When police searched Sampson’s vehicle, they found one-way bus tickets in the names of two of the women, women’s clothing and shoes, makeup, and two hotel room key cards for adjacent rooms.

“From my training and experience,” Mello said in a police report, “I know that it is common practice for persons involved (pimps) in the sex trade sometimes rent adjoining rooms to keep tabs on the prostitutes.”

When police went to the room, they found the three women from Connecticut. One of them cooperated with police and told investigators that Sampson was allegedly their pimp. She said Sampson kept all the money they made but that she sometimes hid some of the money to pay for food.

The 32-year-old woman disclosed that she was addicted to fentanyl and that Sampson allegedly used her addiction “to keep her involved in prostitution,” according to court records.

After his arrest in June, Sampson was indicted by a Bristol County grand jury and is in jail awaiting trial.

Last year, there were 771 pending human trafficking cases in federal courts. The vast majority were sex trafficking cases and over half involved child victims, according to a report by the Human Trafficking Institute.

In 2016, 223 human trafficking cases were initiated by federal authorities and that rose to 241 in 2017 before dropping to 171 last year, according to the report.

One of the federal cases in 2018 involved three men who were prosecuted for trafficking a 16-year-old girl for sex at an unnamed Seekonk motel and other places in Massachusetts and Rhode Island. All are now serving five- to eight-year prison sentences, according to court records.

While My Life My Choice helps adolescent girls with services provided by the state Department of Children and Families, there are not a lot of services for adult women, according to police and Morrissey.

“There are not a lot of options for victims,” Petersen said. “They may need help finding food, clothing and a place to stay.”

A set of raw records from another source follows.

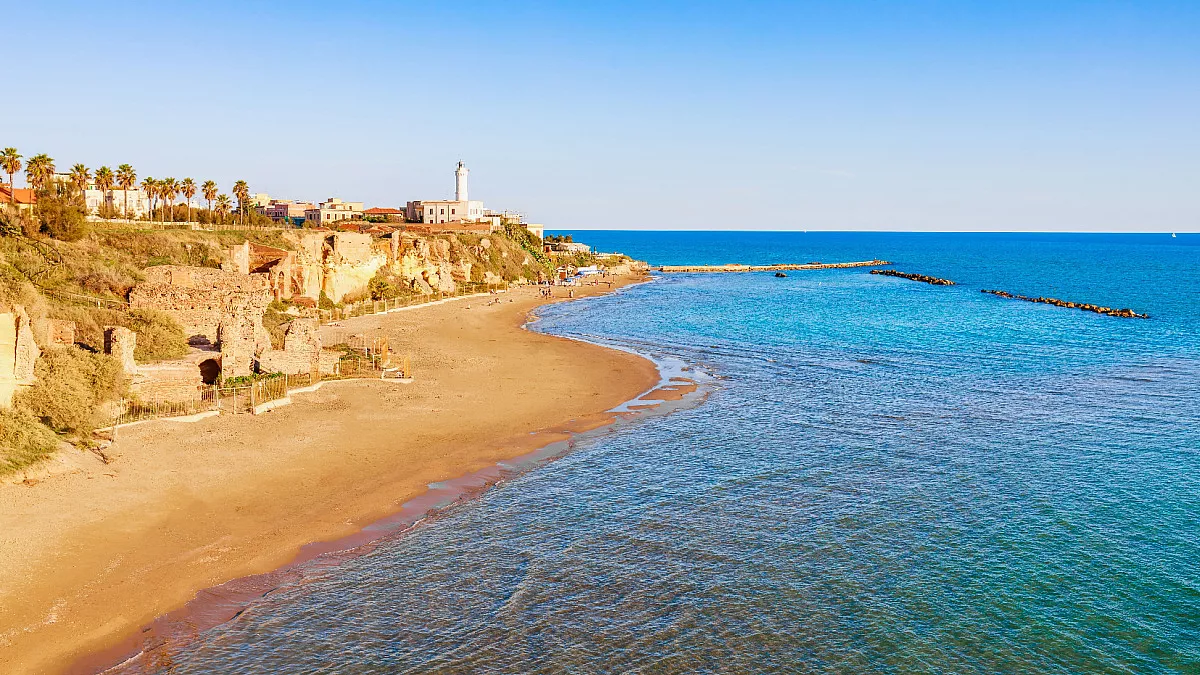 Grotta di Nerone, Anzio, Roma. Shutterstock_2492244267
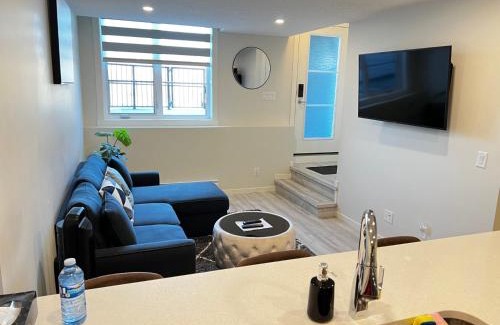 Keith Apartment | The Waterfront cozy 1 bd suite in Rockland Park, Tuscany NW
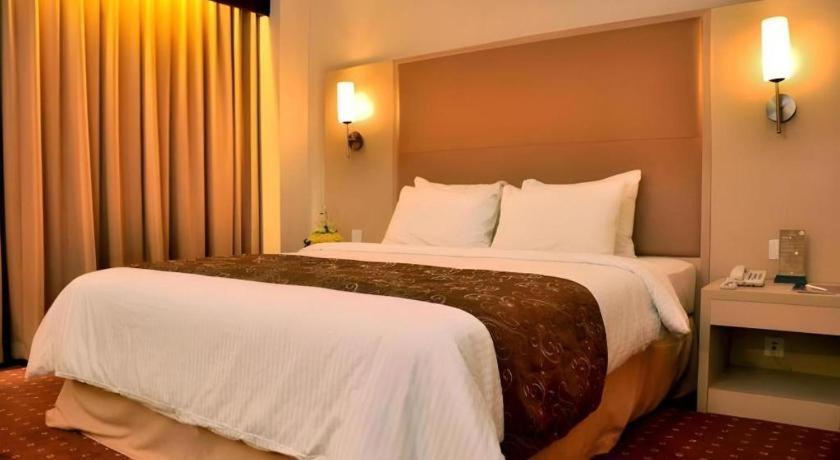 Kartika Chandra Hotel Jakarta Luaran gambar
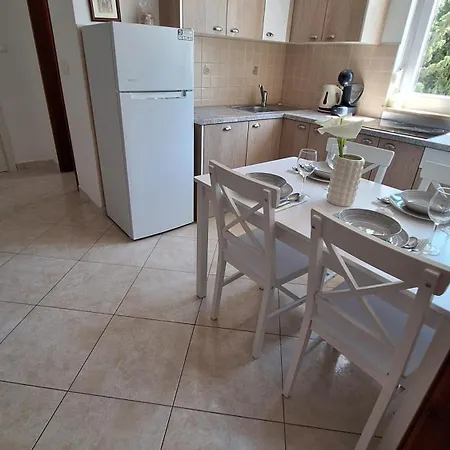 Apartment Three Lions Number 2 Pula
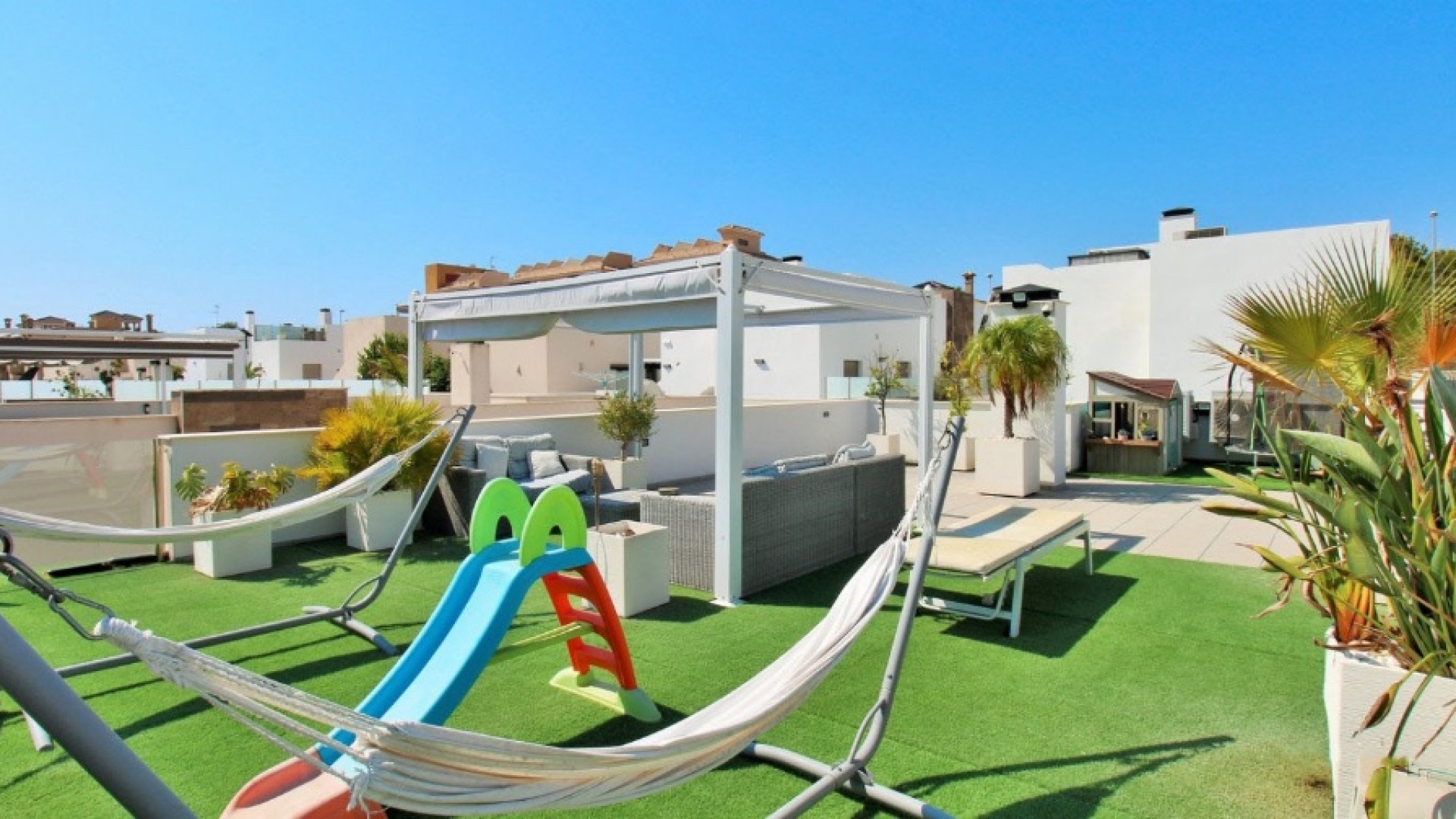 Resale - Villa - Villamartin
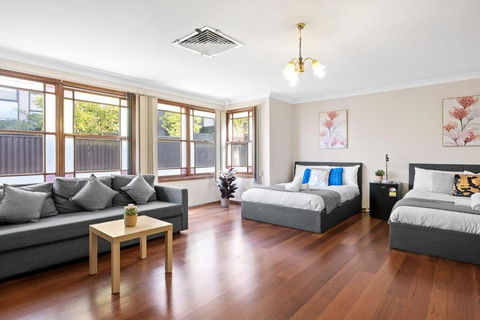 Quadruple Room W Ensuite In Gordon Near Train & Bus - Accommodation 4U 0
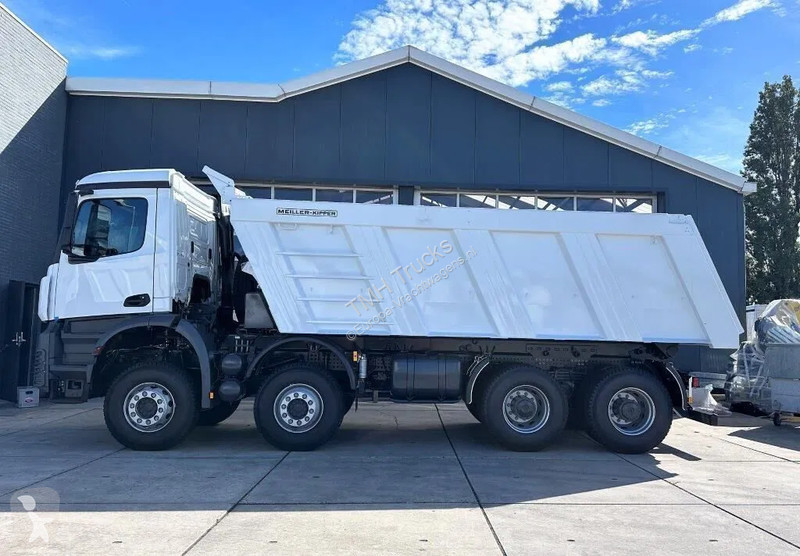 Kamion Mercedes 4140 K 8x4 Meiller Tipper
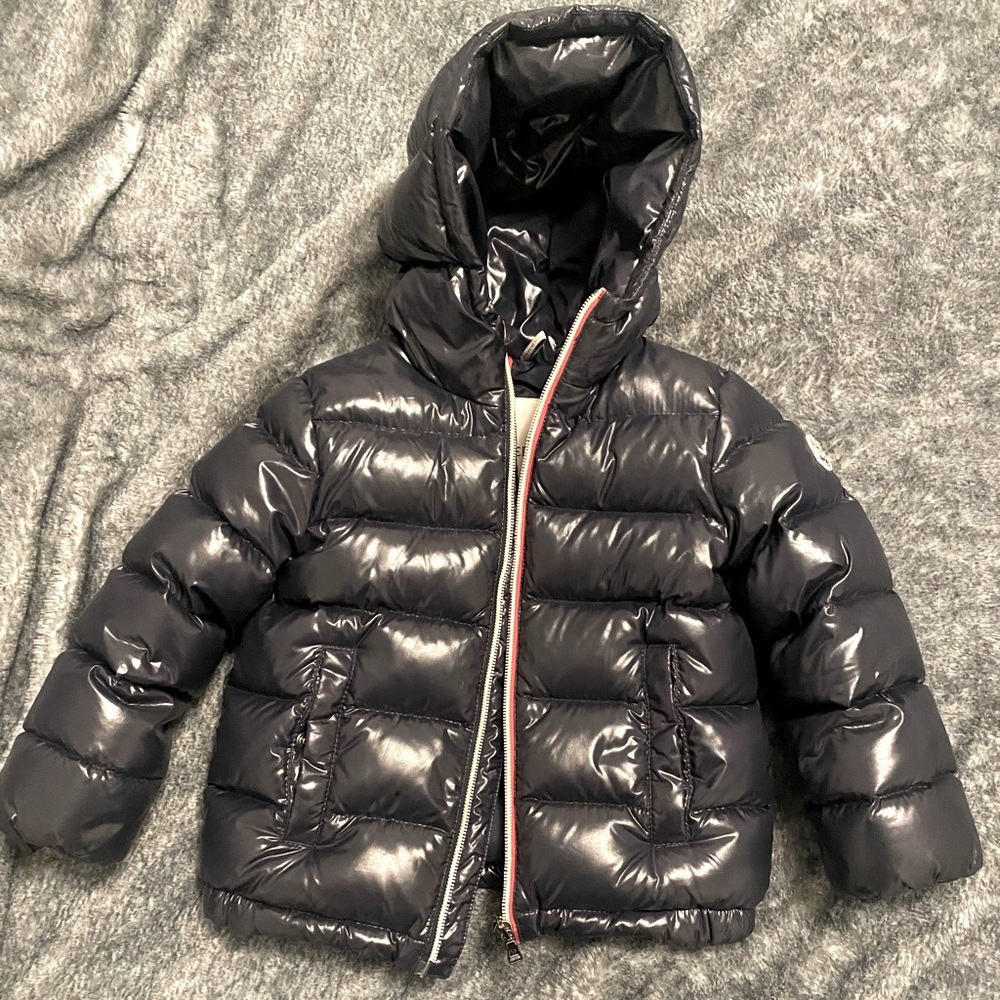 Gently worn 3t Moncler puff coat. No damage. Authentic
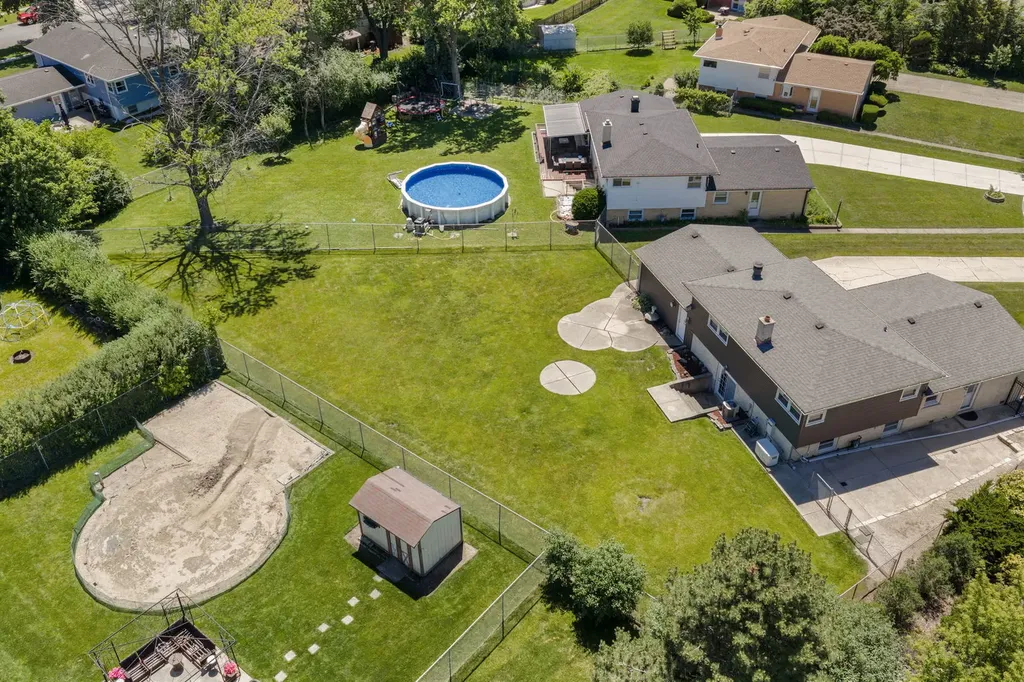 3N445 Jill Court Elmhurst IL 60126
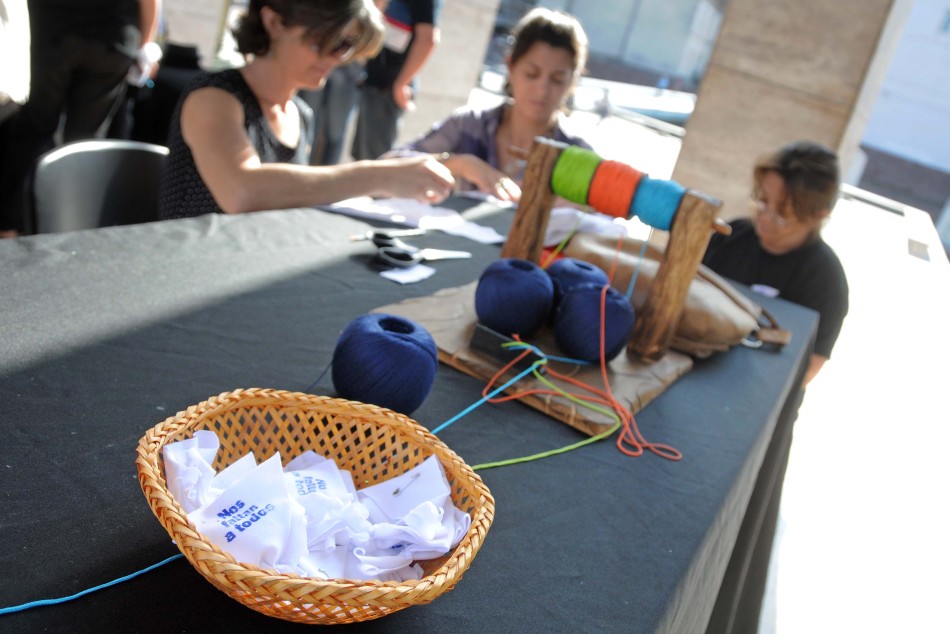 40922 | Manos que Bordan Memoria  - Dir. Gral. de Comunicación Social (Marcelo Beltrame)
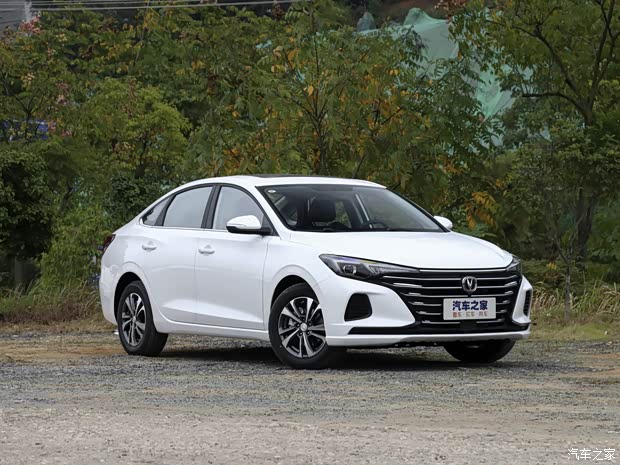 长安汽车 逸动 2020款 PLUS 百万版 1.6L GDI CVT豪华型 长安汽车 逸动 2020款 PLUS 百万版 1.6L GDI CVT豪华型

Morrissey said adult women can go to the Eva Center in Boston, which provides long-term comprehensive services to hundreds of women. It opened in 2006 and is staffed by survivors of the commercial sex trade.

Cook said police would contact either state social service agencies or nonprofit advocacy centers in addition to U.S. Homeland Security to find services for victims.

At the Worcester-based My Life My Choice, Morrissey said the survivors in the mentoring program work with 150 girls each year and there is a waiting list.

“Research shows mentoring works for youth,” she said.

The reason why mentoring program is a success, Morrissey said, is that survivors “have been there” and know what trauma the victims are going through. Being in the sex trade, she said, is not easy to talk about.

“There is a lot of shame that comes with that,” Morrissey said.

Girls get into prostitution for a variety of reasons, she added, but none are by choice.

“Sometimes it’s by force. Sometimes it’s coercion. Sometimes it’s seduction,” she said.

When girls go missing and don’t come home, Morrissey said, the last thing a parent thinks about is human trafficking.

Pimps have also moved onto social media sites like Instagram because they know they can get business that way.

“They are always two or three steps ahead,” Morrissey said.

Another misconception, she said, is that sex trafficking is something that happens only at night. “Phones were ringing off the hook at 2 or 3 o’clock in the afternoon,” she said.

Married men can arrange for sex and “finish up and make it look like nothing happened,” Morrissey said.